Friday, February 26, 2010
Kentucky People: Jesse Stuart
The first few posts on this blog have been pretty dry, mainly because I've been trying not to editorialize too much. That, of course, makes for a pretty lame blog. Thankfully my topic for this post is something I feel pretty strongly about. You need to read you some Jesse Stuart. Stuart was a schoolteacher in Greenup County, who become a well-respected author and poet in the 1930s. The son of a sharecropper, he studied under Robert Penn Warren (another Kentuckian we don't hear enough about) at Vanderbilt before returning to his native soil of "W-Hollow" to write about traditional Appalachian life, and eventually its struggles with post-war modernization. Anyway, at one time Stuart was mentioned in the same breath with Faulkner and Flannery O'Conner, won a Guggenheim fellowship and went to New York for signings and everything, but now he's kind of forgotten. When my mother was a kid in Elizabethtown Stuart was a household name and Kentuckians read a lot of his work in school (she was born in 1935). I don't really remember reading him much in school (I was born in 1971), and I don't know anyone my age or younger who has really heard of him. It's a pity.

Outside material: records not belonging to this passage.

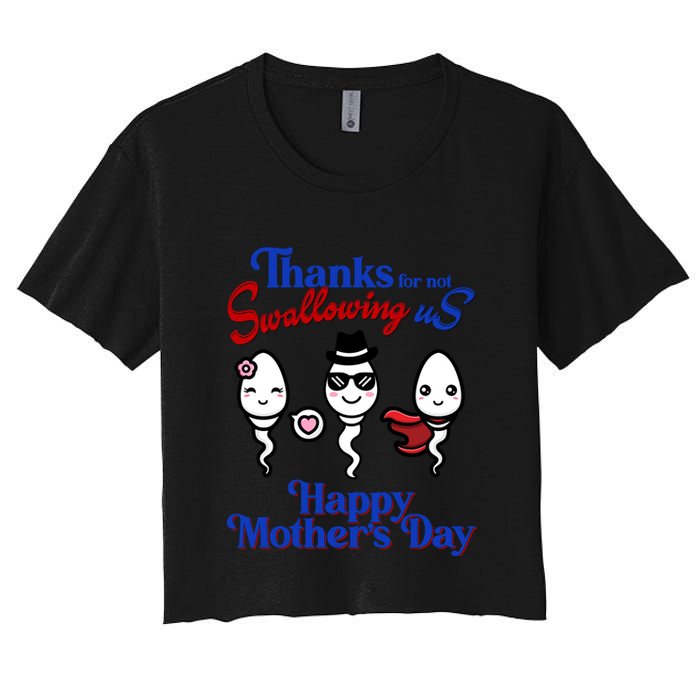 Thanks For Not Swallowing Us Happy MotherS Day Funny Gift Women's Crop Top Tee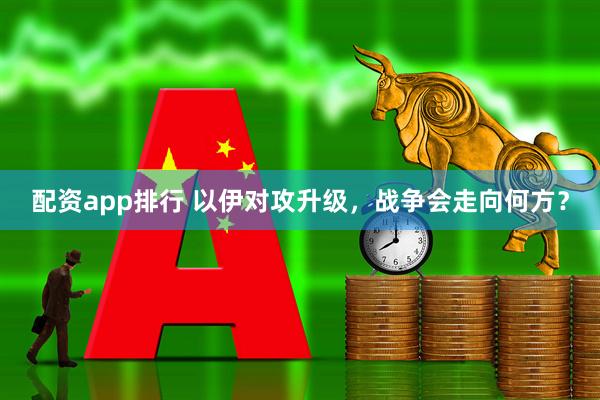 配资app排行 以伊对攻升级，战争会走向何方？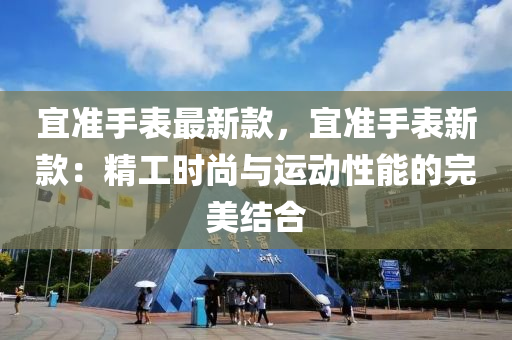 宜準手表最新款，宜準手表新款：精工時尚與運動性能的完美結(jié)合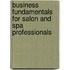 Business Fundamentals For Salon And Spa Professionals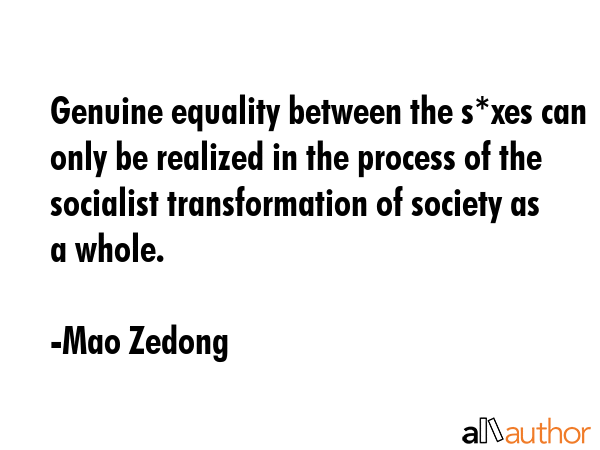 Genuine equality between the s*xes can only be realized in the process of the socialist... - Mao Zedong Quote GIF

Stuart really did an excellent job of humanizing the mountaineer; all of the hillbilly stereotypes are there (you got your moonshiners, folks married to kin, some toothless and barefoot- the whole nine yards, mainly because they are rooted in truth) but they are presented as neither tragic nor as a joke. Most are honest, hardworking people trying to get by the best they can, although some are pretty low and common. Just like anywhere else, but with better dialects. Although I've lived my whole life in Central Kentucky, my dad was born in an Appalachian coal town and I've spent quite a bit of time in Eastern Kentucky over the years, including Greenup County, and I recognize a lot of people in his characters. I guess what hits close to home for me is thinking about how at least some of my ancestors lived lives like some of these folks, which makes you really stop and think about how easy you have it by comparison.
If Stuart is read at all now, it's mainly his most famous novel Taps for Private Tussie , which is pretty much a comedy, or one of his accounts of teaching like The Thread That Runs So True, neither of which are his best as far as I'm concerned. If you really want to get a taste of the good stuff, pick up a copy of one of his short story collections and read "Men of the Mountains" or "The Sunday Afternoon Hanging". The coolest thing about Stuart is that he loved his land so much he saved up and bought all of the land his family worked on as sharecroppers in W-Hollow, over 700 acres, and donated them to the state as the "Jesse Stuart State Nature Preserve," so after reading his short stories you can actually go and hike around the sites he talks about. If you really get into it, I suggest going to Greenbo Lake State Park for their annual "Jesse Stuart Weekend" in the fall (ask for Paul Verespy when you call, he knows his stuff). If you are a real Kentuckian you owe it to yourself to take a little time off from Facebook and read you some Jesse Stuart!
By the by, if you don't check them out from the library, I also encourage you to buy his books from local sources, like the University Press of Kentucky or the Jesse Stuart Foundation.